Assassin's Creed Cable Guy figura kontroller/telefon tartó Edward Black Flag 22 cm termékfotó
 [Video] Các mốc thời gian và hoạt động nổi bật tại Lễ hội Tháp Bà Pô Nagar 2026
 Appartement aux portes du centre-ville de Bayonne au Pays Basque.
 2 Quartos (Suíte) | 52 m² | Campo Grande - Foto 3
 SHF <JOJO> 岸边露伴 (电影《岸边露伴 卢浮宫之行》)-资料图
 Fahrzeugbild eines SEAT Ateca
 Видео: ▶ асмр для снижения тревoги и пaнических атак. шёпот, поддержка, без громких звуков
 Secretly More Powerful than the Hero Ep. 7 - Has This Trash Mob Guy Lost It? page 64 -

Work to complete ▸
Copy out exactly the lines between the line with "Appartement aux portes" and the last line of the entries, counting both of those lines.

Your response ▸
 Appartement aux portes du centre-ville de Bayonne au Pays Basque.
 2 Quartos (Suíte) | 52 m² | Campo Grande - Foto 3
 SHF <JOJO> 岸边露伴 (电影《岸边露伴 卢浮宫之行》)-资料图
 Fahrzeugbild eines SEAT Ateca
 Видео: ▶ асмр для снижения тревoги и пaнических атак. шёпот, поддержка, без громких звуков
 Secretly More Powerful than the Hero Ep. 7 - Has This Trash Mob Guy Lost It? page 64 -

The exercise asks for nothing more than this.